§ **EXERCISE DIRECTIONS**: Output only the stretch of the listing that starts at the line containing "Fundación TASE abre" and ends at the line containing "78'' Solid Wood Sideboard", reproduced exactly with both ends.

§ **THE INPUT**:
========================================

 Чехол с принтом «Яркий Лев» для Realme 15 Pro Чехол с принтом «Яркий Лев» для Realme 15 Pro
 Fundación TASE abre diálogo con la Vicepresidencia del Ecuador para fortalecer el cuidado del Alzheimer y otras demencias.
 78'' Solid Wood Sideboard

========================================

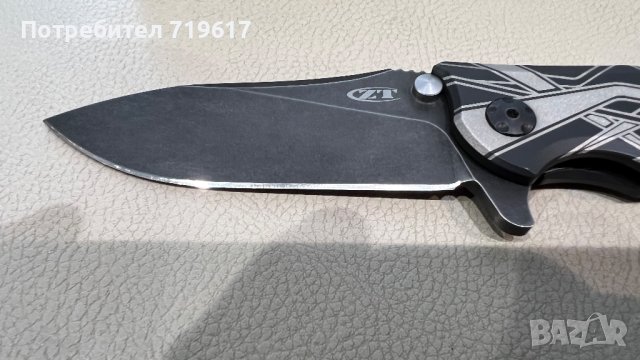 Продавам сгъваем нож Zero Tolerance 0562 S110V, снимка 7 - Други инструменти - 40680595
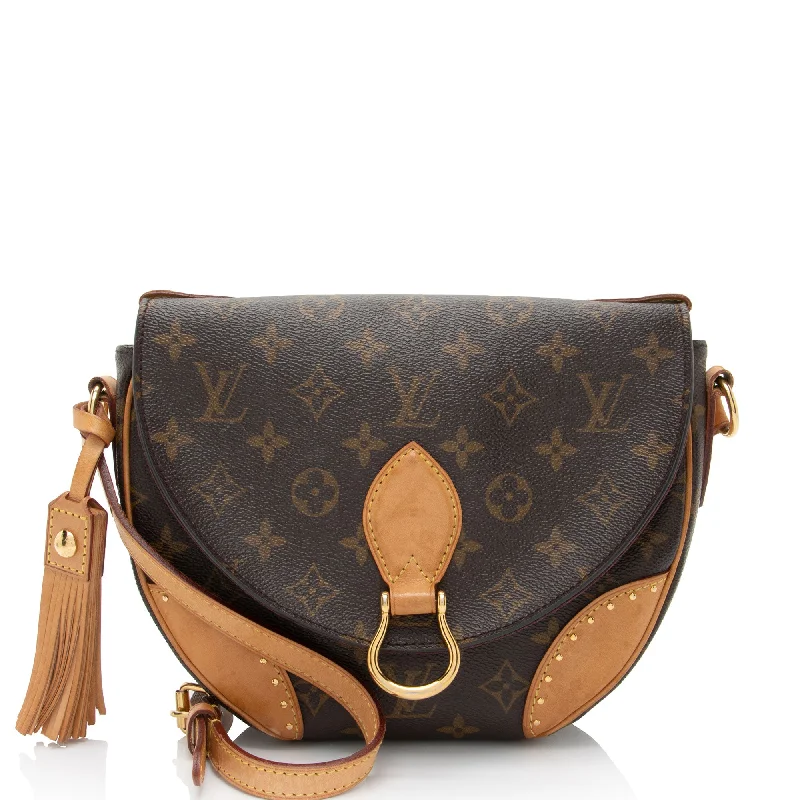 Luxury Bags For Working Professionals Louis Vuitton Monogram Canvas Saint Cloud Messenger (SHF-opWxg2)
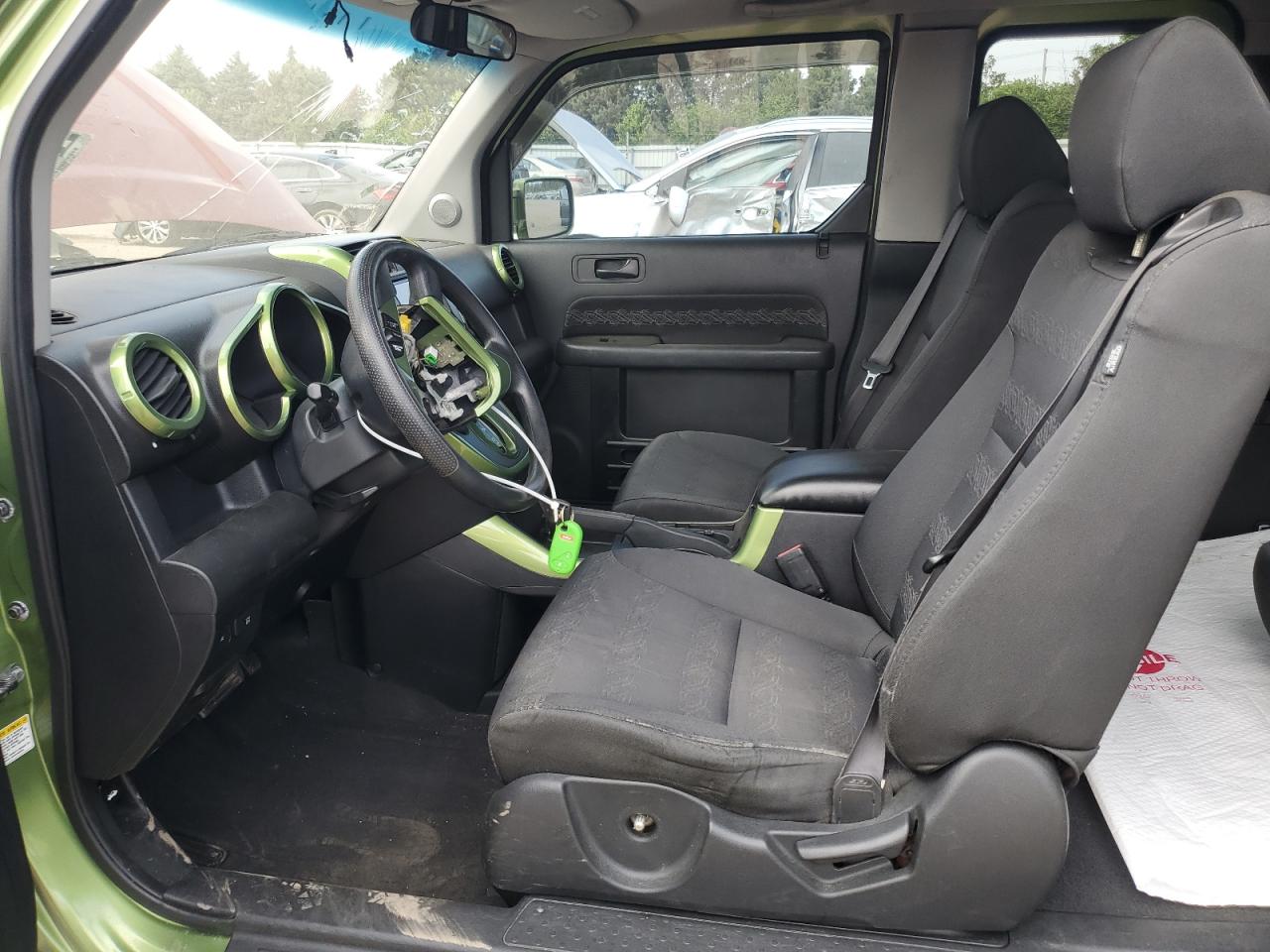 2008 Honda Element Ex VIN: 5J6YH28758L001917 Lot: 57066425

========================================

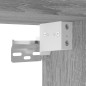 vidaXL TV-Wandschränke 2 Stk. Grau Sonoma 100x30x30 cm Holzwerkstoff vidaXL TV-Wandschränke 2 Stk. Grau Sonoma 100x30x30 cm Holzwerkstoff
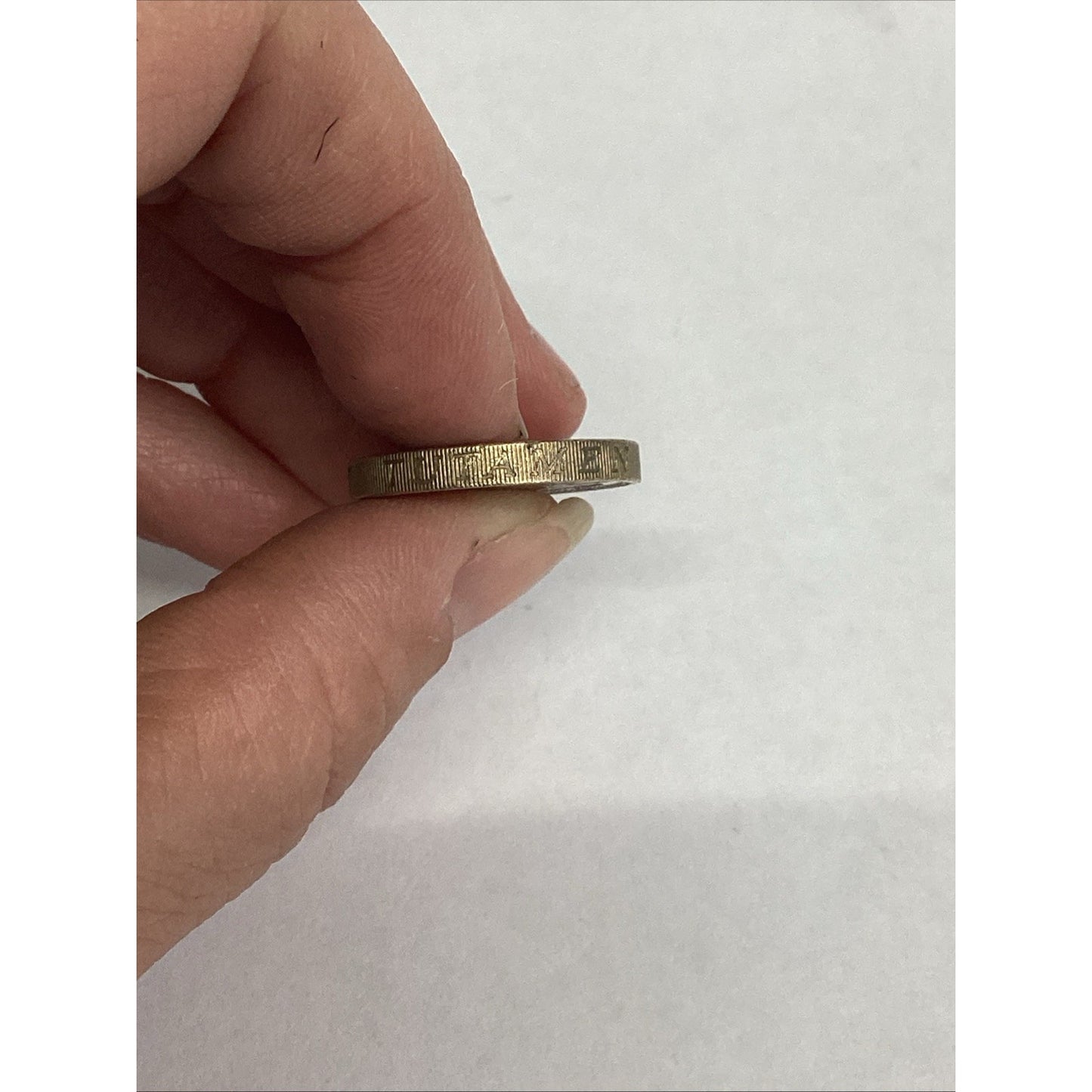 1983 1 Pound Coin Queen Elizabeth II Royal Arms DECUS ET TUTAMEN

========================================

§ **TASK ANSWER**:
 Fundación TASE abre diálogo con la Vicepresidencia del Ecuador para fortalecer el cuidado del Alzheimer y otras demencias.
 78'' Solid Wood Sideboard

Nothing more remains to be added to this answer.